Businesses in Perth open at say 8-9am, perhaps 10am…and run through to about 4-5pm. 6pm latest. Now, most government offices, big business, schools and universities and hospitals have their opening times when do you ask? That's right, 8am-5pm. The fundamental idea behind business in Perth is that everyone should go to work and return home at the same time. Students in university and TAFE need work, but they can't get any because all the businesses that would employ them are closed. This is quaint and certainly unbecoming of a city.
This is the issue: a lack of "extended trading hours" and weekend trading results in fewer people spending money, and fewer jobs available for people who have non-work commitments in the day time.
The fact that the moneyed folk, the people with jobs and consumer power, are working (often full-time) during 90% of the opening hours of all other business means that little meaningful business is actually attracted during the week. Often we may find truant (and broke) kids loitering about or old-age pensioners hunting for cheap groceries, far from what we'd look at and think "staple of business". And this is all well and good if you can expect an evening rush of thriving business, like you may find in Asia or in the eastern states, or in the United States of America. But alas, you will find none such in this sleepy joke of a city. The city, suburbs and all, shut down after 5pm. Everyone will retire to their suburban sprawl cottages and find reason to get upset about the lack of money in the household. Or that there was no food to be found in the household because no one could go shopping.
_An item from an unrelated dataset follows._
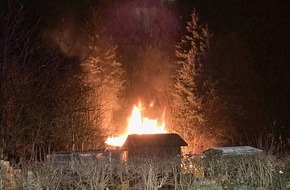 Kreispolizeibeh&ouml;rde Soest: POL-SO: Gartenh&uuml;tte brennt ab - Tatverd&auml;chtiger festgenommen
Shopping aside, there is the idea that business drives the engines of economy, and businesses regardless of size or funding need workers. And to be a worker, you need a business that will pay you. Consider the droves of university and TAFE students, or for that matter, high school students, for whom seeking a job and being gainfully employed is not just an accessory to their social standing but a tool of survival. Well okay, perhaps not for high school students, but for those in tertiary education, this is a stark reality.
Having undergone long periods of unemployment while still studying – one begins to realize why one is still unemployed. A student in a full-time vocational course will find it difficult to allow him or herself to gain an evening job. This is because the biggest casual work employers around, big businesses of the likes of Coles and Woolworth are disallowed by state law from routinely operating for any extended period during weekday evenings. It isn't like Coles and Woolies don't want to extend their operating hours, in a past referendum the people of WA actively voted against extended trading hours and weekend trading. Consequently, few people get their shopping done properly, and many students are robbed of a job opportunity.
And they wonder why so many of us are relying on youth allowance and welfare? Seriously, we'd rather work and live just over the poverty line somewhat more comfortably than have to rely on $244 a fortnight.
Seriously WA, freakin' wake up already. You've left this town uncultured (more in my next post), and as a result unemployed. Extend your trading hours and get with the rest of the world, we're sick of you wanting a "cruisy and relaxed lifestyle" at the expense of leaving people below the breadline. Simply untenable.
Tastefully disregarding the reliance on opinion and anecdote over data, let me pose a question.
ReplyDeleteWhy would the people of Western Australia actively vote to impede a change with all benefits and no cost?
My theory is that they value something more than the mere convenience of shopping after work, namely they are happy at not being forced to work through the night.
Think about this. In every place where extending trading exists, there are thousands of people who must choose between working through the night (with all the resulting problems) or starving. These places also have a much more robust workforce, who can supply the numbers necessary to fully staff business for extended hours.
You've also pointed out that there is no business during weekdays in Perth. Why? Because the only customers are locals. If you build shops full of things people don't really need, and aren't willing to waste money on, you have no right to complain when people don't come in and waste their money.
Perth is not a tourist city with high demand for shopping on demand, it is a large village. Its local economy still revolves squarely around people's day to day needs, and unless someone builds something worth crossing sand and sea to ... see, this won't change.
Extended trading hours would make large businesses happy because their overall profits would increase relative to their operational costs, but it'd have a much greater negative impact on the people as a whole. People would have to either work more hours than they should, or at times which prevent them from living normally. Family life would be disrupted (as it already is in the major urban centres of Sydney and Melbourne) such that children only see their parents two days a week.
Worst of all, students would be too focussed on working longer hours to earn money for stuff that really can and should wait a couple of years than sleeping enough each day.
No, WA made the right choice. I wish NSW and Victoria would rethink 24 hour trading.